Here's the problem. These diversions add to burnout. They require mental attention and energy. And they don't solve the problem. It's best to schedule or group your frivolous online entertainment, because switching back and forth repeatedly between work and fun adds to that feeling of information overload.

Instead, go outside, take a walk, turn off your computer for 20 minutes or do something that doesn't evolve mentally processing information on a screen.

13. Outsource your filtering.

For some kinds of information, you need to be very meticulous about what you filter and why. For example, take care with company e-mail, or professionally relevant RSS feeds. But for other, more general information, sometimes the best filter is the outsourced one.

Let's say you're a movie buff, and subscribe to a half-dozen of the movie-related RSS feeds or blogs. You're going to get a lot of redundant news, as well as too much inside baseball.

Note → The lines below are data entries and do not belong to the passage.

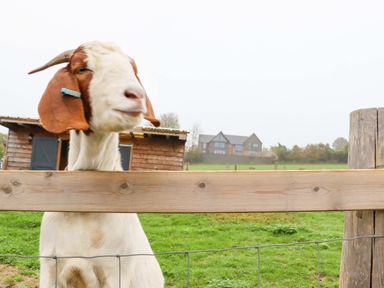 A goat behind a wooden fence with a barn and a house in the background at Bee Cottage in Ottinge near Lyminge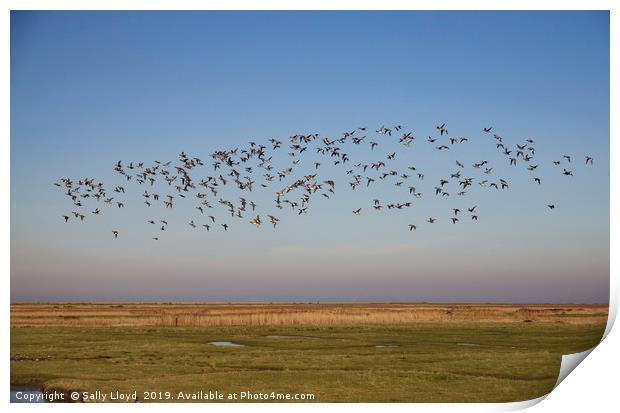 Birds in Flight at Blakeney - Landscape Print by Sally Lloyd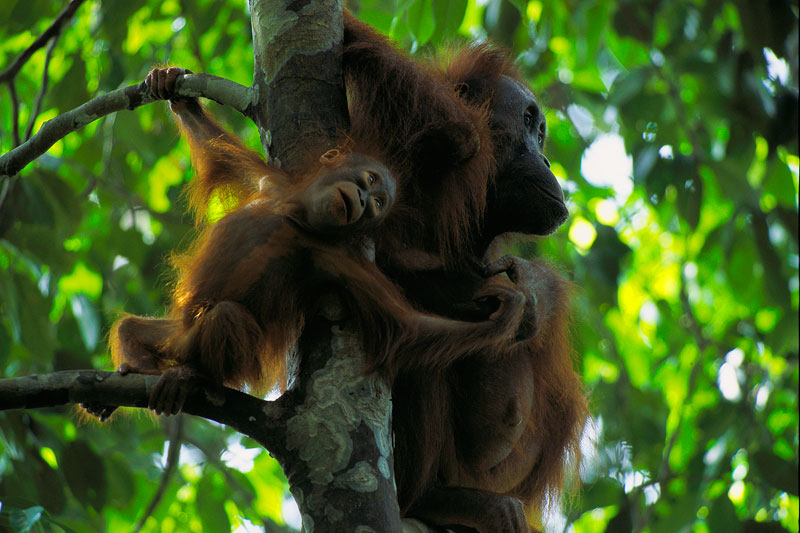 Borneo Orangutan Baby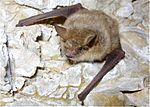 Myotis emarginatus - dr Karol Tabarelli de Fatis.jpg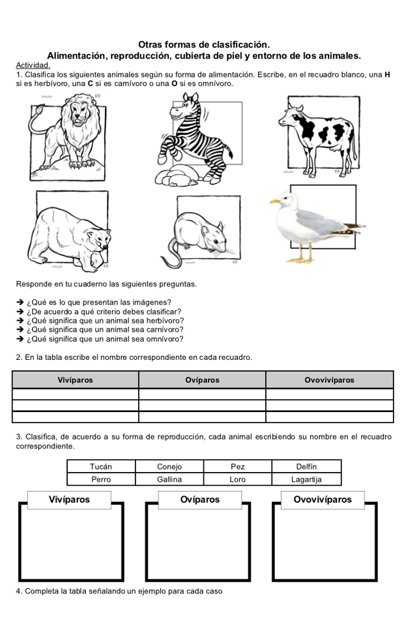 Actividad sobre la clasificación de los animales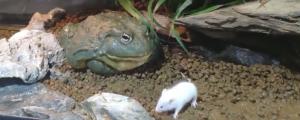 非洲牛箱头蛙多久能长大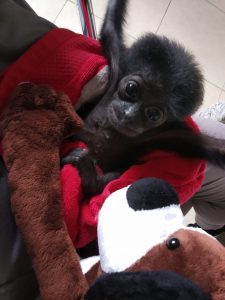 Read more about the article Bupati Badung Memelihara Bayi Owa Siamang dan Kini Diserahkan ke BKSDA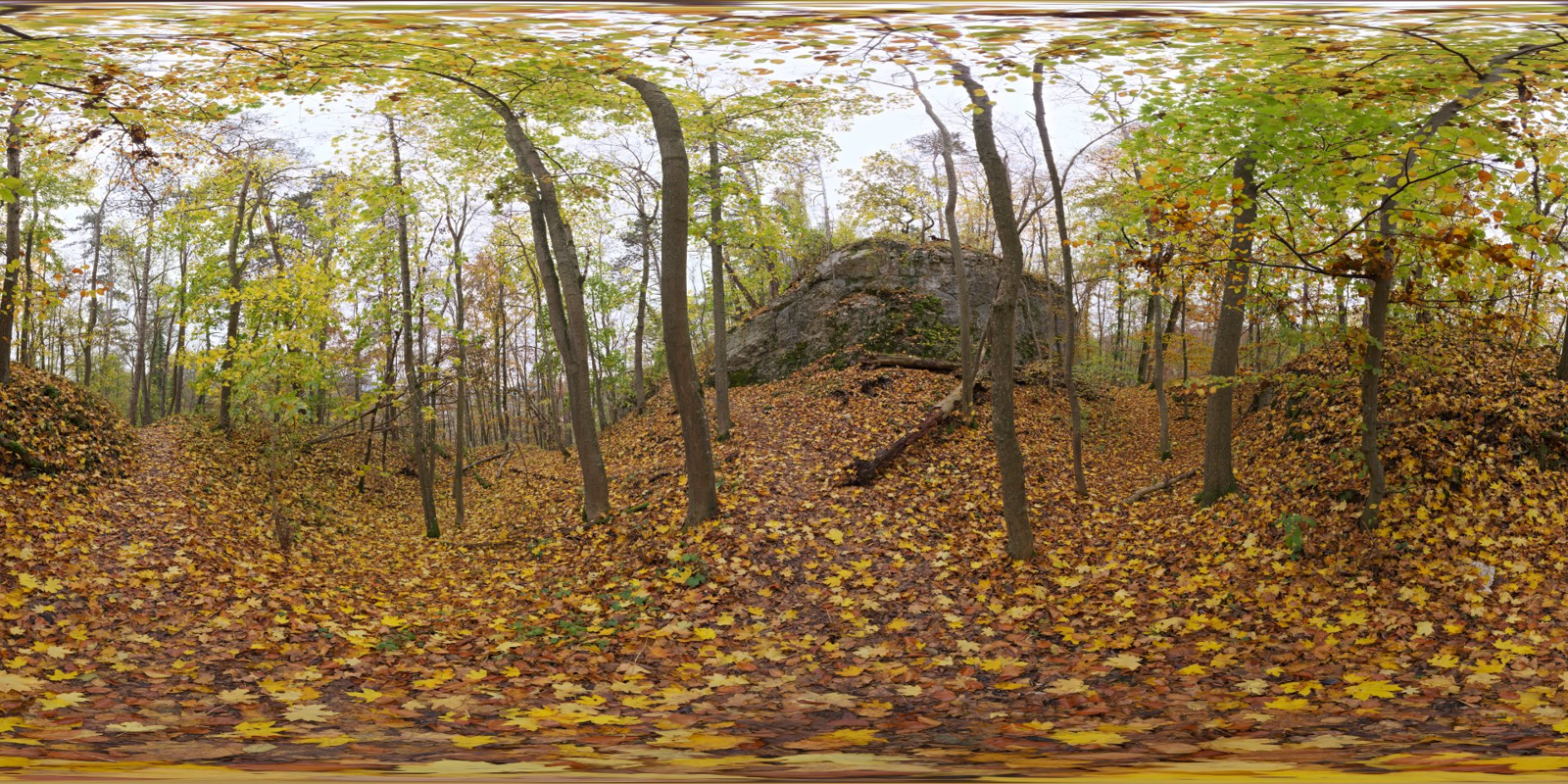 HDRI – Autumn Forest 01 – nature - thumbnail 1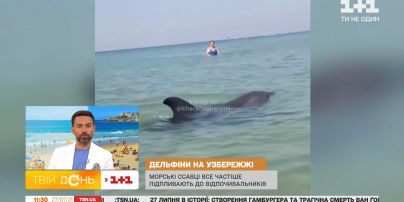 Нашествие дельфинов зафиксировали в Железном Порту: почему млекопитающие потеряли чувство дистанции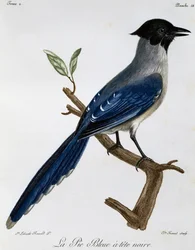 Urraca de alas azules (Cyanopica cyanus), grabado de Histoire Naturelle des Oiseaux d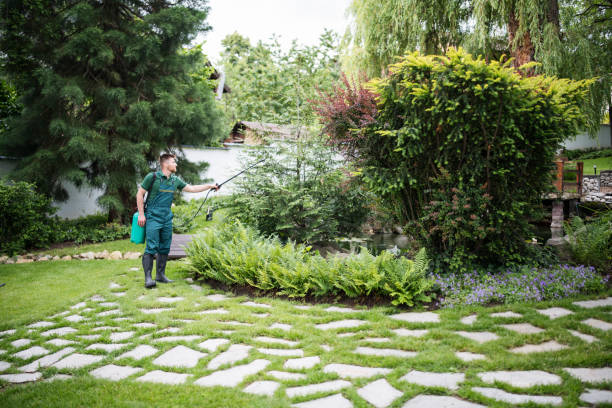 Best Insect Control  in Castle Pines, CO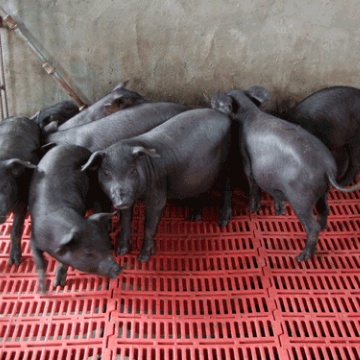 原种苏太母猪 母猪图片 规模种猪繁殖场 纯种太湖母猪 瘦肉型母猪 高产母猪1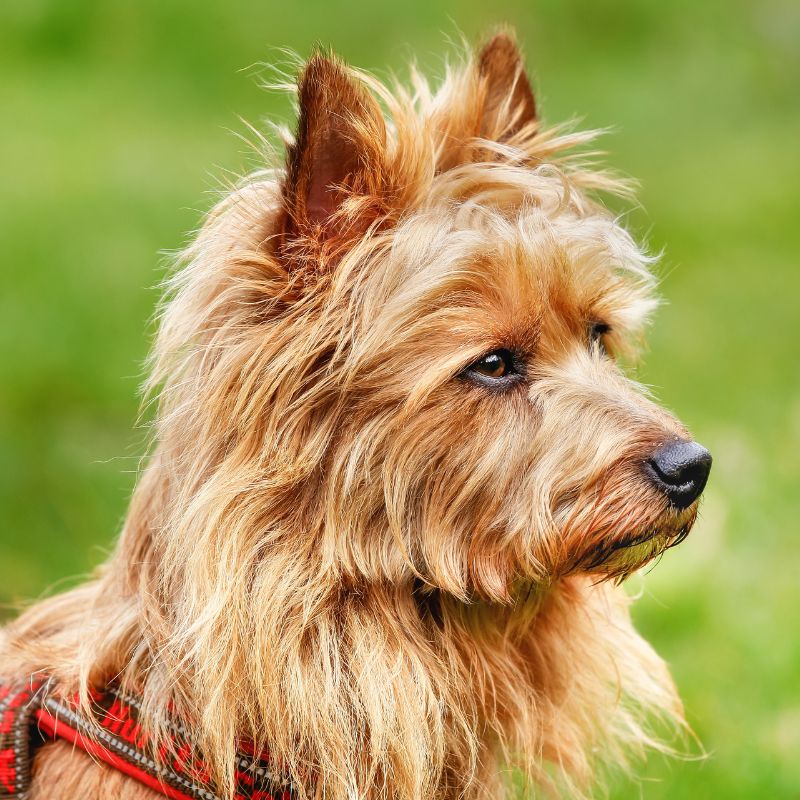 Australian Terrier - Steckbrief, Haltung, Pflege und Ernährung - WaldiBello - Hunderassen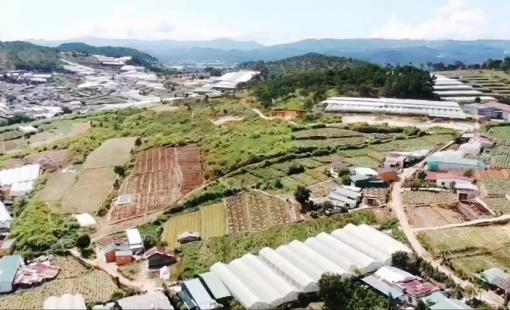 Lâm Đồng chỉ đạo gỡ vướng cho dự án 37,5ha của Tổng công ty HUD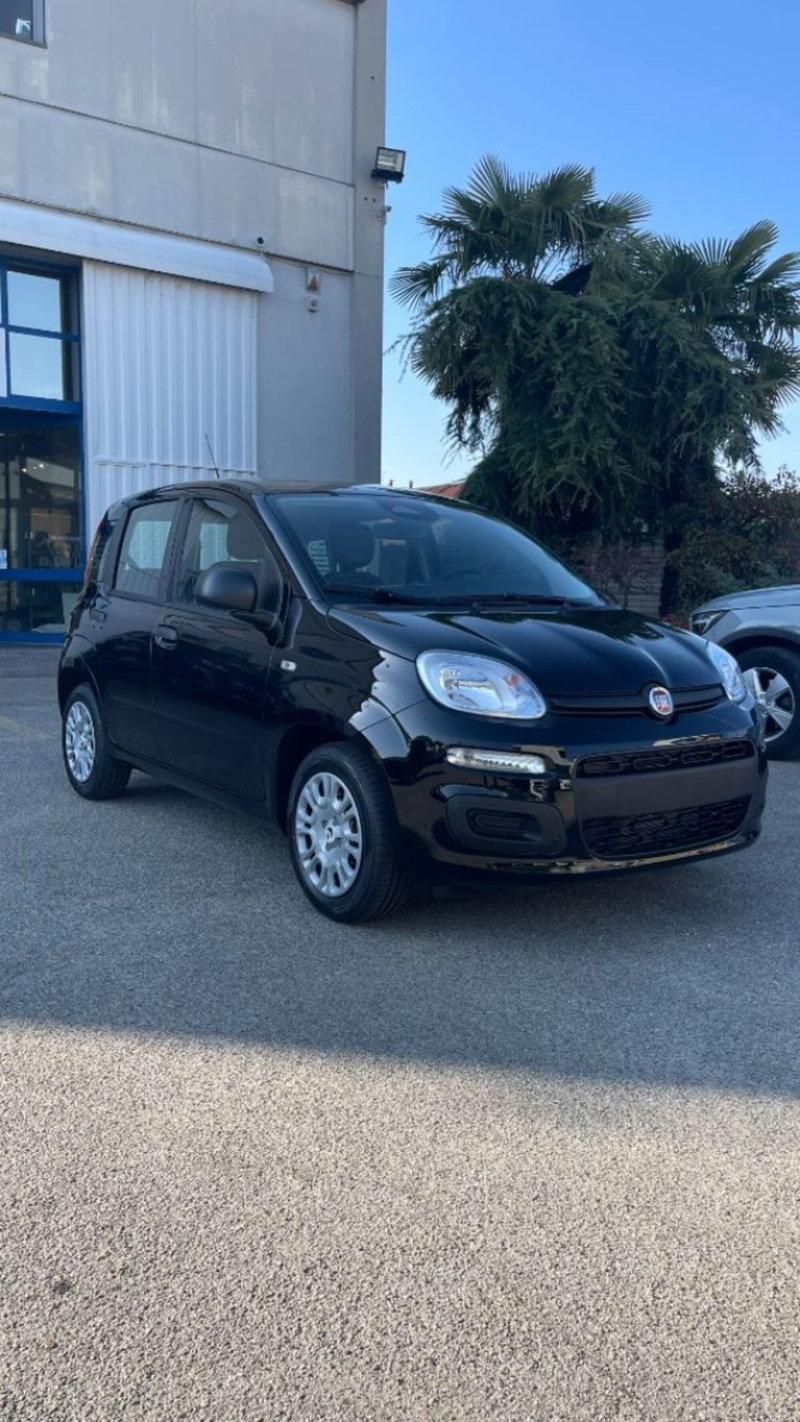 Fiat Pandina nuova a Novara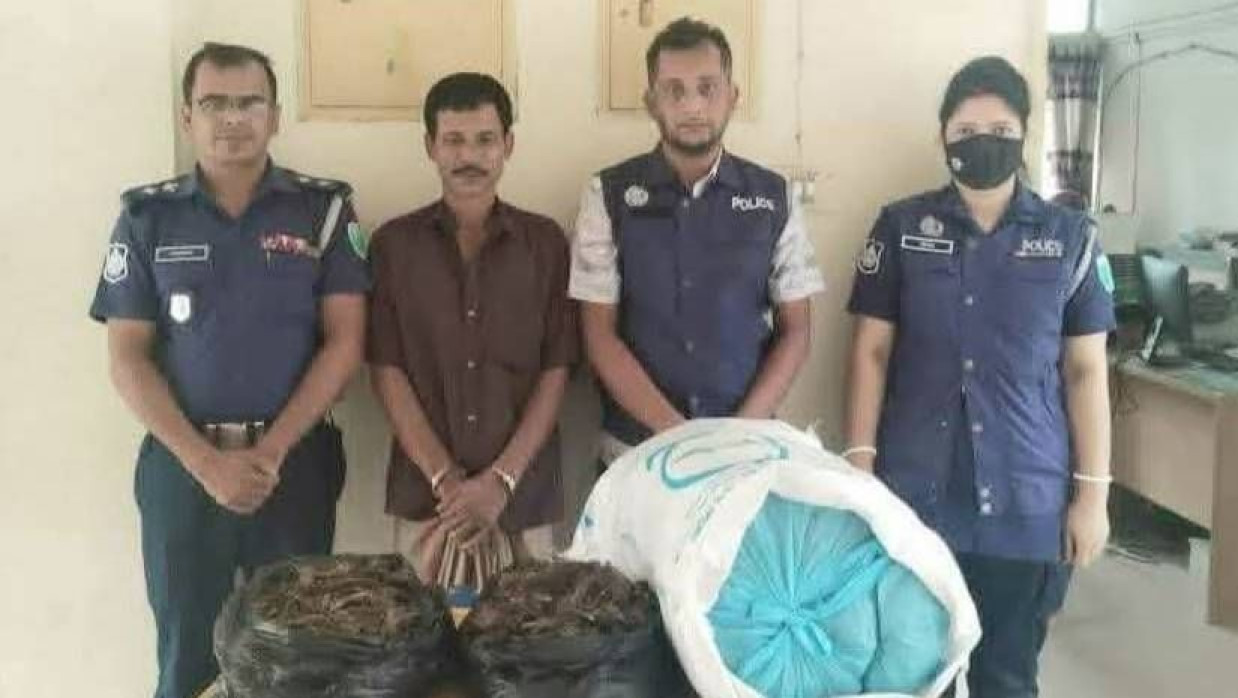 গাঁজাসহ আটক মাদক কারবারি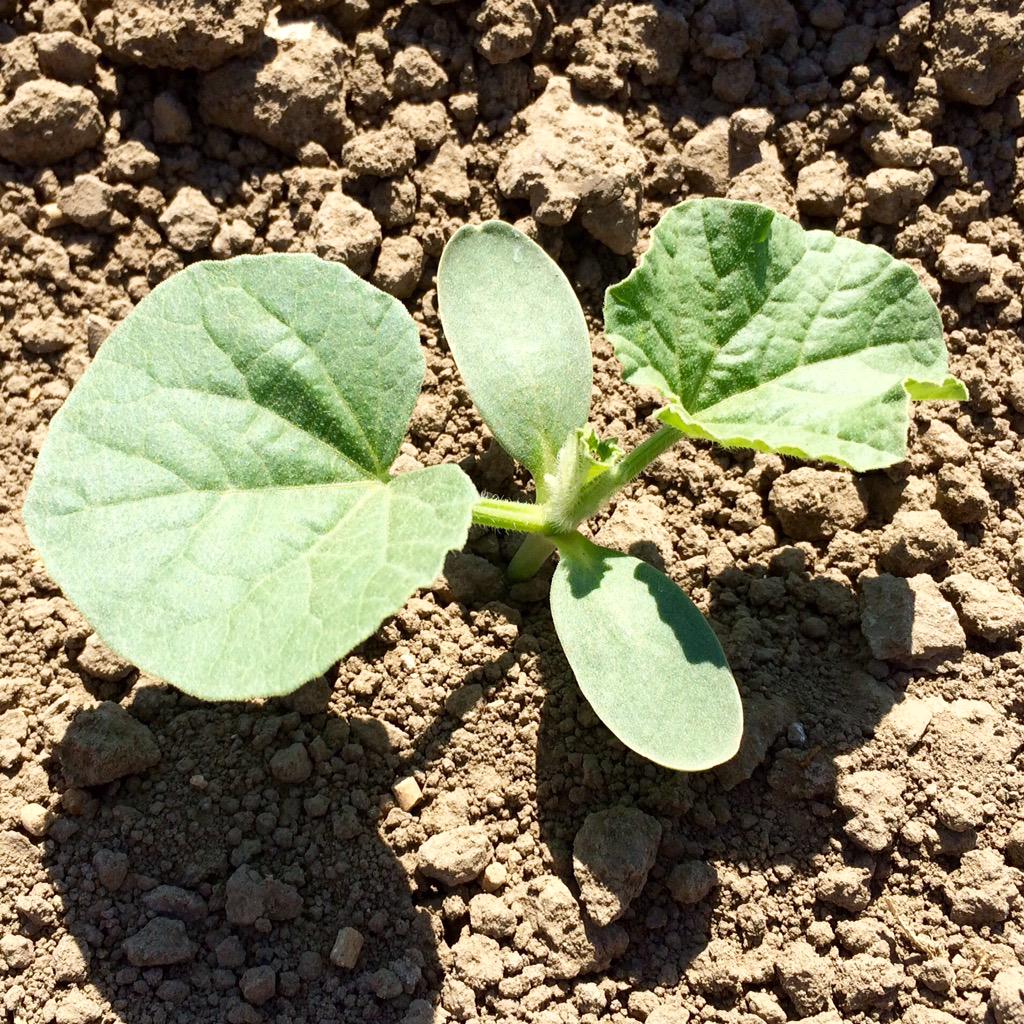 marc_suderman's tweet photo. Uniform growth of #melon plants w/ plant-ready #ultragro 8-16-8; #iFertilize http://t.co/uoY8UtnxTd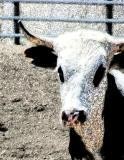 STEER 6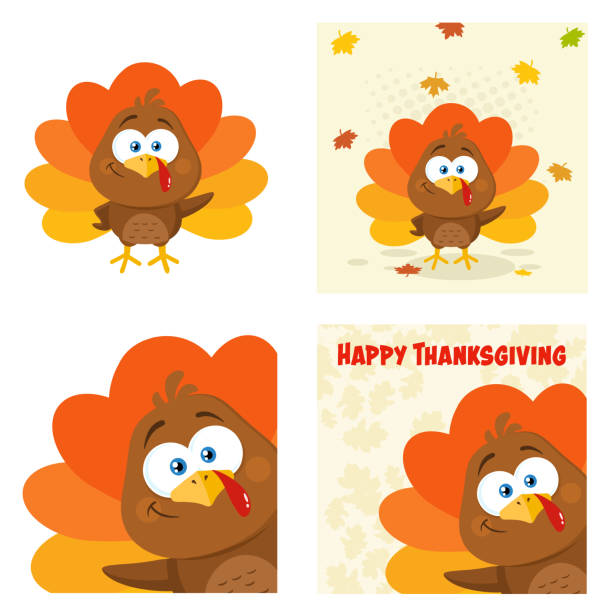 Cute Turkey Bird  Cartoon Character Set 2. Flat Vector Collection vector art illustration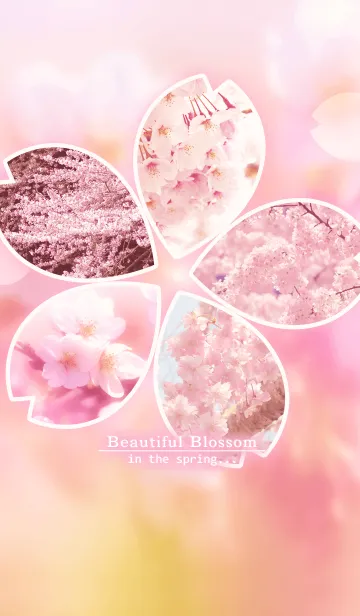 [LINE着せ替え] Beautiful Blossomの画像1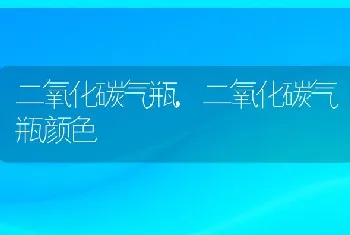 二氧化碳气瓶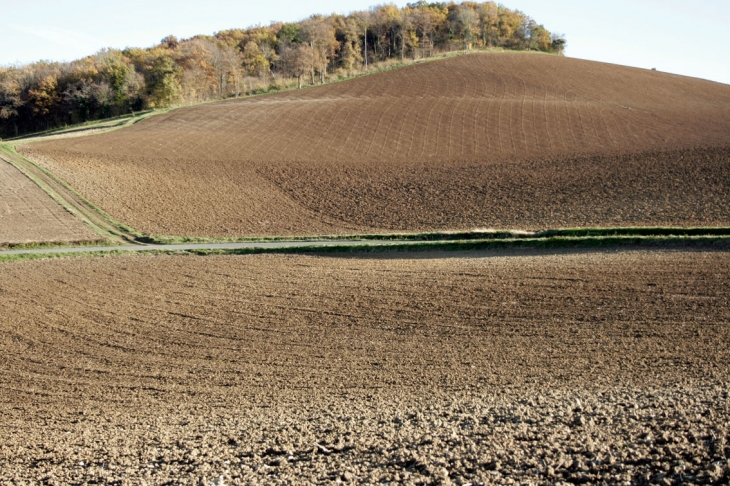 Paysage autour de Glaine - Glaine-Montaigut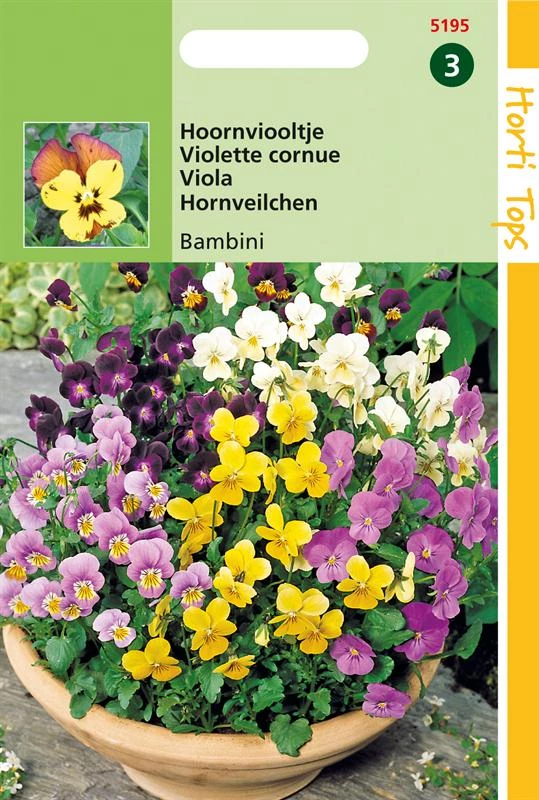 Viola Bambini Gemengd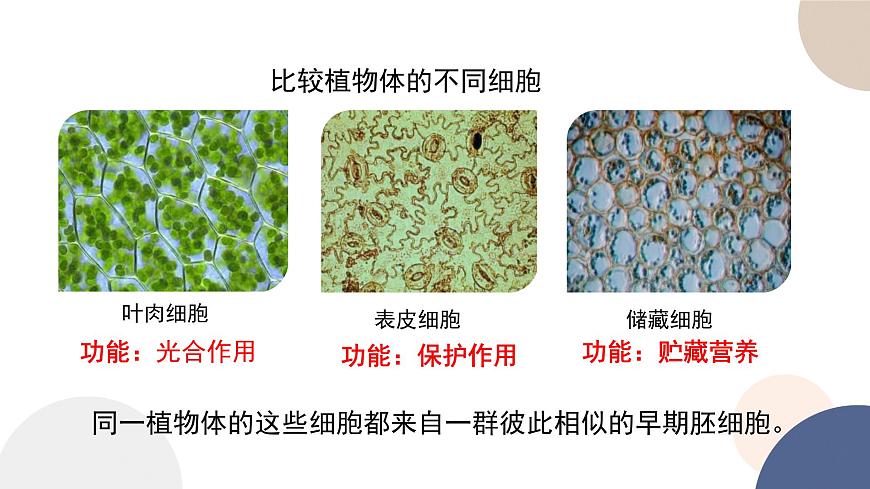 第四章- 第二節(jié)  細胞分化、衰老和死亡（課件PPT）第5頁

Instead, outsource it by going to a social bookmarking site like Digg, finding the "movies" category and grabbing the Digg Movie RSS feed for it. Get rid of those other feeds, and use just this one. Let the "crowd" pick your movie news. You can even outsource the discovery of random items of interest. Delete all those streams you've got set up to discover random cool stuff, and subscribe to the Google "Cool" feed.

14. Embrace zero-sum stream consumption.

The biggest single reason for filter failure is that we add more info-streams than we delete. It's driven by a delusional superman complex that makes us believe that we can and should read it all.

It's time to stop increasing your streams. If you subscribe to an e-mail newsletter, unsubscribe from another. If you follow someone on Twitter, un-follow someone else. Want to start using Google Buzz? Stop using FriendFeed, and so on. Never add without also subtracting. The biggest benefit to this practice is that while quantity remains the same, quality goes up because you're always deleting the worst content.

All these filter failure fixes share a common feature: They're all about identifying the most valuable information, then making sure you have the time and energy to take full advantage of it.

It's true: Information overload is nothing more than filter failure. So do yourself a favor and master the art of filtering incoming information.